In June, after listening to the views of thousands of Boots pharmacists, the PDA submitted the 2021 pay claim. The union believes the claim is well researched, evidence-based, realistic and reflects the views of the employees in the Bargaining Unit. Fundamentally it signals the very clear message received from pharmacists at Boots that they believe it is time for an increase that begins to restore the purchasing power of their income, back to at least 2015 levels.
The economic analysis within the claim included comparisons of the level of increase awarded to any pharmacist classified as “performing”, who was already being paid the so-called “market rate” for the job, vs. inflation. The “market rate” is a figure calculated by the company for each job to be equivalent to the (median) average salary paid to pharmacists for that role by other employers. Boots salary ranges are then set at 80-120% of that figure.
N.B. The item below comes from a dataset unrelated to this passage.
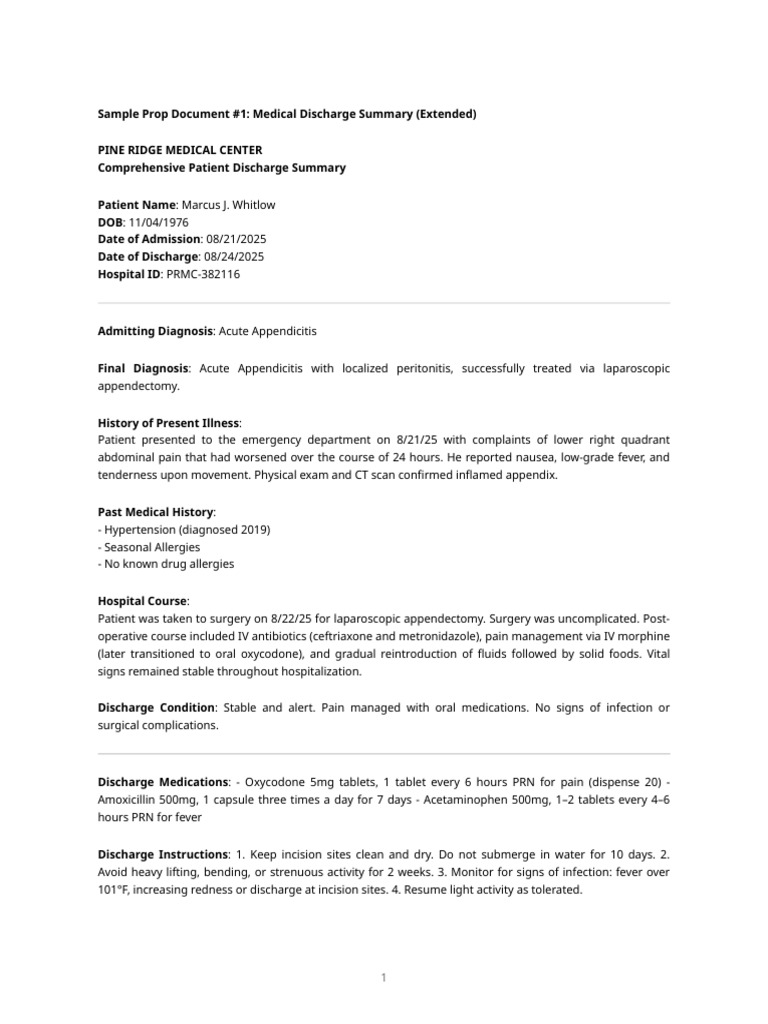 Medical Discharge Summary for Appendectomy | PDF | Clinical Medicine ...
History of recent Boots pay awards vs. price inflation:
Year | 2016 | 2017 | 2018 | 2019 | 2020 |
RPI(%) | 1.80 | 3.60 | 3.30 | 2.60 | 1.50 |
CPIH(%) | 1.00 | 2.60 | 2.30 | 1.70 | 1.00 |
CPI(%) | 0.70 | 2.70 | 2.50 | 1.80 | 0.90 |
Boots Pay Award(%) | 1.00 | 1.00 | 1.00 | 1.80 | 0.00 |
As can be seen, over the last 5 years, only twice has the Boots salary increment for such a pharmacist exceeded any measure of inflation (CPI in 2016 and CPIH in 2019). The increment has been significantly below RPI every single year since 2016.
A significant proportion of Boots pharmacists tell the PDA that they are paid below-average salaries by the company, i.e. between 80-99% of the so-called market rate. Although some of these individuals may have had higher percentage increases in some years, many report that they still remain below the market median rate. The PDA has created a ready reckoner tool on the union website for such members to understand where their pay sits in the pay range. The union also included in the pay claim a requirement that pharmacists’ rewards are reviewed by their managers to discuss their individual circumstances.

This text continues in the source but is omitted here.